By KEN KUSMER
Associated Press Writer
INDIANAPOLIS (AP) — The state hopes to divert Medicaid clients to health
clinics and primary care doctors from unneeded, costly emergency room visits
under a program in Indianapolis and Lafayette next year.
Indiana, which is receiving a $1.61 million grant, is one of 20 states that
will share $50 million from the federal Centers for Medicaid and Medicare
Services over the next two years to reduce ER visits by Medicaid
beneficiaries for routine complaints such as headaches and ear infections.
The goal is not only to reduce non-emergency ER use by Medicaid patients, but
also to increase their use of family physicians and to better diagnose mental
health conditions such as depression and anxiety, said Dr. Jeff Wells,
director of the state’s Office of Medicaid Policy and Planning.
“It’s really about improving value,” Wells said Wednesday.
For example, patients suffering from depression and anxiety often will show
up in emergency rooms complaining of nonspecific symptoms such as headaches,
but the Lafayette and Indianapolis clinics will have nurses trained in mental
health who can direct the patients to psychiatrists.
“The goal is to do it (treat patients) in a setting where it makes more
sense,” Wells said.
The clinics will be operated in Indianapolis by Wishard Hospital, drawing
clients from Marion County and six surrounding counties, and in Lafayette by
a partnership between St.
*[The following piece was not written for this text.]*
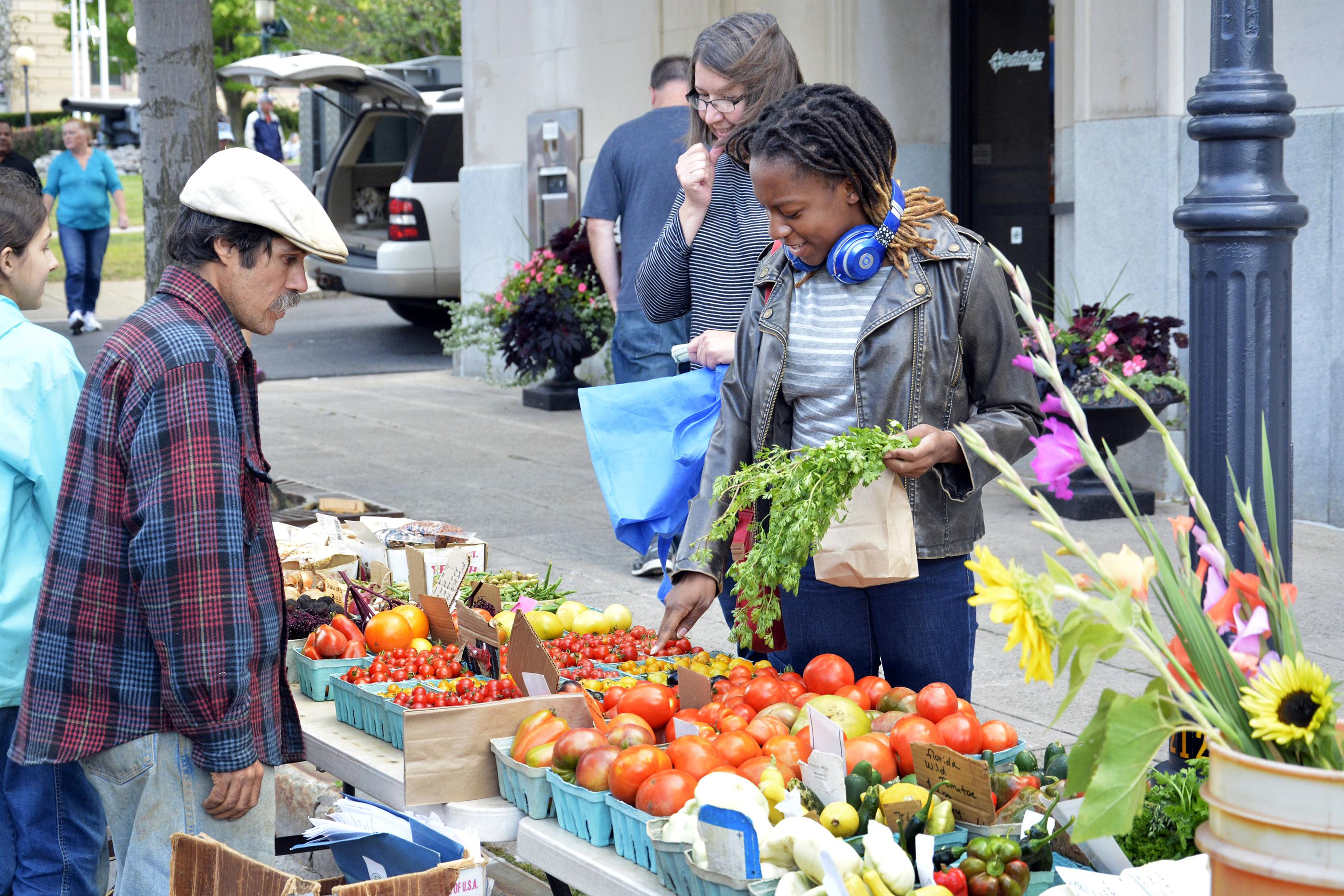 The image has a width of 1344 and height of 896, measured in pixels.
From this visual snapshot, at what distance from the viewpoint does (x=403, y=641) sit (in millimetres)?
3600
Elizabeth’s Hospital and Tippecanoe Health Clinic,
also drawing patients from seven counties.
The clinics will operate from 8 a.m. to 8 p.m. weekdays and six hours on
Saturdays in retail areas, the Medicaid policy office said in a news release.
The office estimates they will see a combined 1,300 Medicaid patients per
month, plus 500 non-Medicaid patients.
Wells said Indiana’s approximately 880,000 Medicaid patients go to emergency
rooms at a frequency that’s about 10 percent higher than the national rate.
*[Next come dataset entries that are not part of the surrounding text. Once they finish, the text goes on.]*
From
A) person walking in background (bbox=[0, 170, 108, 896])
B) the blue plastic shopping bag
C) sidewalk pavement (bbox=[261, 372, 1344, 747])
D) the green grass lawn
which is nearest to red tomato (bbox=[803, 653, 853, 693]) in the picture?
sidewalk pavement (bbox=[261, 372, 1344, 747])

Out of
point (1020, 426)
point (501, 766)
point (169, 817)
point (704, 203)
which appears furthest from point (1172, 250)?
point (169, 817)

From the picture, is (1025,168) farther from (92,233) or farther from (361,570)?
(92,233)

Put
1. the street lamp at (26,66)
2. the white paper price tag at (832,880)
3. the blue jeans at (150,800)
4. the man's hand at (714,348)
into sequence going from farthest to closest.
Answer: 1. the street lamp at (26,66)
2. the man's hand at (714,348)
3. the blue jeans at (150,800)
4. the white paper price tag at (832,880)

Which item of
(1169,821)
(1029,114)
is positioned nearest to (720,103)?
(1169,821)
Many patients go to ERs for non-emergencies. The private Robert Wood Johnson
Foundation estimates as many as six in 10 adults going to ERs could have been
treated in outpatient settings. That calculated to as many as 182,000
non-emergency ER visits by Medicaid patients in Indiana during 2006, said the
Medicaid policy office.
Emergency room visits are more expensive than doctors’ offices and are more
likely to lead to even more costly hospitalizations at rates of hundreds and
even thousands of dollars per day, Wells said.
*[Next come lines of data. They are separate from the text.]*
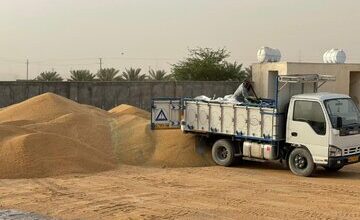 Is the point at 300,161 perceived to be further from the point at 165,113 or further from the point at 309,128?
the point at 165,113

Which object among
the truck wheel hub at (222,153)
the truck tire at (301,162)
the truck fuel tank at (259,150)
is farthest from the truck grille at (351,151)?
the truck wheel hub at (222,153)

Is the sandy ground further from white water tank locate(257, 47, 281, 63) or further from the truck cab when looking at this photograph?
white water tank locate(257, 47, 281, 63)

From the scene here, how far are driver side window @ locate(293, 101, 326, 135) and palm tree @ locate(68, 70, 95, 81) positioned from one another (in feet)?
108

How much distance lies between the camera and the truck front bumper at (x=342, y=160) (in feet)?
44.1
Dr. Jon Marhenke, an Indianapolis psychiatrist who’s president of the Indiana
State Medical Association, welcomed the pilot project.
“We know that people use the emergency room as their family doctor, and
that’s really inappropriate,” Marhenke said. Not only does it tie up more
costly resources, but also inhibits Medicaid clients from finding medical
homes. “Follow-up becomes a real issue.”